Peserta kongres mengisi daftar dalam hari kedua Kongres V PDI-P di Grand Inna Bali Beach Hotel, Bali, Jumat (9/8/2019). Hari kedua pleno membahas program partai, sikap politik partai serta AD/ART partai.
Selain Eriko, acara bincang-bincang yang dipandu Wakil Pemimpin Umum Harian Kompas Budiman Tanuredjo itu juga dihadiri Wakil Ketua Umum Gerindra Habiburokhman, Wakil Ketua Umum Partai Golkar Nurdin Halid, Direktur Eksekutif Lembaga Survei Indonesia Djayadi Hanan, dan budayawan Eros Djarot.
Eriko mengatakan, wacana koalisi besar bisa berubah setelah Megawati menentukan keputusan capres, seperti saat Pemilu 2014. Ia justru khawatir jika semua parpol merapat ke koalisi PDI-P karena akan memunculkan calon tunggal.

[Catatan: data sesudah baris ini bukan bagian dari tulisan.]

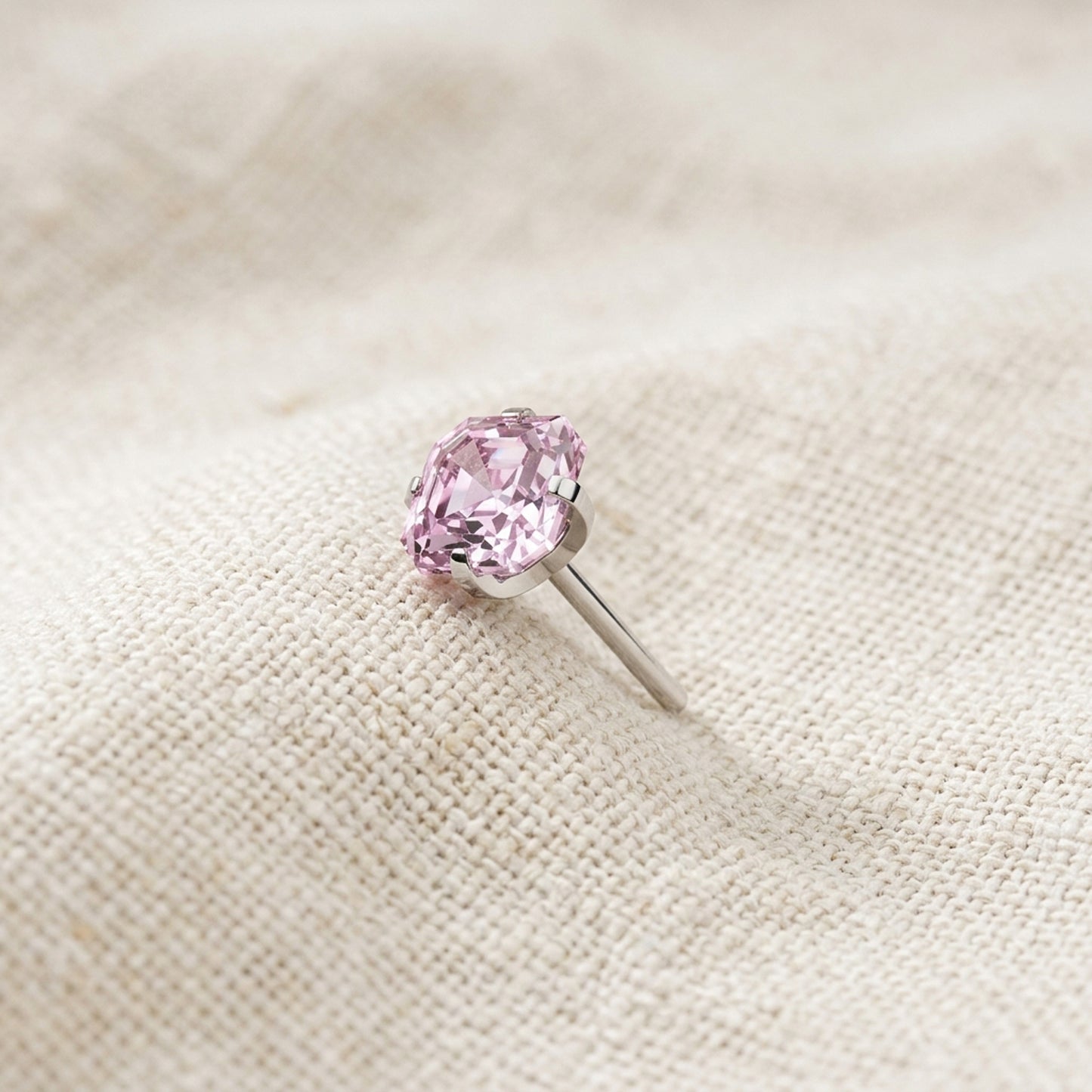 Titanium Asscher Cut Square CZ Prong Threadless Top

Wacana koalisi besar bisa berubah setelah Megawati menentukan keputusan capres, seperti saat Pemilu 2014
Nurdin justru menyarankan, PDI-P sebaiknya mencalonkan capres-cawapres sendiri dan tidak bergabung dengan koalisi besar. Selain memiliki golden ticket, PDI-P juga memiliki kader dengan elektabilitas tinggi, yakni Gubernur Jawa Tengah Ganjar Pranowo. Bergabungnya PDI-P ke koalisi besar dikhawatirkan akan menambah kerumitan, terutama jika menetapkan syarat agar capres berasal dari kader mereka. Namun, ia menegaskan, koalisi besar tidak anti terhadap PDI-P.
Buka kesempatan
Meski demikian, menurut Habiburokhman, masih terbuka kesempatan PDI-P untuk bergabung ke koalisi besar. Selain relasi Gerindra dan PDI-P relatif baik, ketua umum kedua partai itu juga dekat. Prabowo sangat menghormati Megawati, apalagi pada 2004 lalu keduanya merupakan pasangan capres-cawapres yang turut berkontestasi di pilpres.
Sementara Djayadi menuturkan, berdasarkan pengalaman sejarah, PDI-P selalu bekerja sama dengan parpol lain dalam pilpres sejak tahun 2004 sampai 2019. Kemungkinan besar PDI-P juga akan tetap berkoalisi untuk menghadapi Pilpres 2024. Jika tidak bergabung dengan koalisi besar, ada kemungkinan PDI-P akan mengajak parpol nonparlemen.
Ketua Umum Partai Gerindra Prabowo Subianto (kiri) menggelar konferensi pers setelah menerima kunjungan Ketua Umum Partai Amanat Nasional (PAN) Zulkifli Hasan (kanan) di kediaman Prabowo Jalan Kertanegara, Jakarta, Sabtu (8/3/2023).
Namun, Djayadi mengingatkan, jalan untuk membentuk koalisi besar sekaligus menetapkan capres-cawapres juga tidak akan selalu mulus. Penentuan capres memang akan lebih mudah selama elektabilitas Prabowo tinggi. Namun, penentuan nama cawapres akan lebih rumit.
Ia memprediksikan, ada sejumlah nama yang bakal ditetapkan sebagai cawapres. Di antaranya Airlangga, Erick Thohir, Sandiaga Uno, dan Khofifah Indar Parawansa.
Meski belum pasti, minimal lima parpol pendukung pemerintah sudah menjajaki kerja sama untuk pilpres. Sementara ke mana arah PDI-P berlabuh, sampai sekarang masih menjadi teka-teki.